给你一个链表,删除链表的倒数第 n 个结点,并且返回链表的头结点。 力扣原文链接
示例 1:
输入:head = [1,2,3,4,5], n = 2
输出:[1,2,3,5]
示例 2:
输入:head = [1], n = 1
输出:[]
示例 3:
输入:head = [1,2], n = 1
输出:[1]
第一种
这一种是逻辑最简单的一种,先找到链表长度,这样就能得到要删除的链表位置下标(length-n)

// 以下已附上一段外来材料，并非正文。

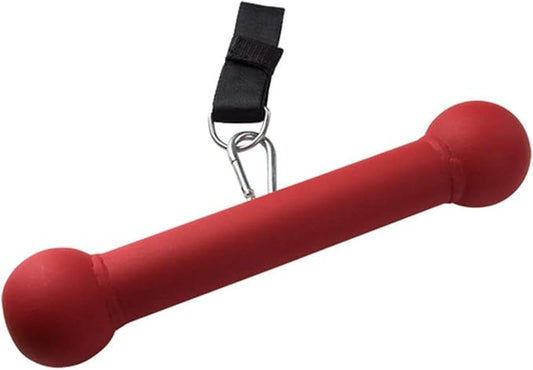 Body-Solid Tools Dog Bone Grip - Strength Training Equipment for Home Gym, Pull-Ups, Farmers Walks, Dumbbells, Kettlebells, Ideal for Grip and Forearm Strengthener, Non-Slip Matte Finish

var removeNthFromEnd = function (head, n) {
let emptyNode = new ListNode(-1, head);
let len = 0;
let cur = emptyNode;
while (cur && cur.next) (cur = cur.next), len++;
cur = emptyNode;
for (let index = 0; index < len - n; index++) {
cur = cur.next;
}
cur.next = cur.next.next;
return emptyNode.next;
};
第二种是快慢指针 快指针先走n步,慢指针再从head节点开始走,当快指针走到最后一个,慢指针也就走到了被删除的前一个节点
var removeNthFromEnd1 = function (head, n) {
let emptyNode = new ListNode(-1, head);
let slow = emptyNode;
let fast = emptyNode;
let count = 1;
while (fast && fast.next) {
fast = fast.next;
debugger;
if (count > n) {
slow = slow.next;
}
count++;
}
slow.next = slow.next.next;
return emptyNode.next;
};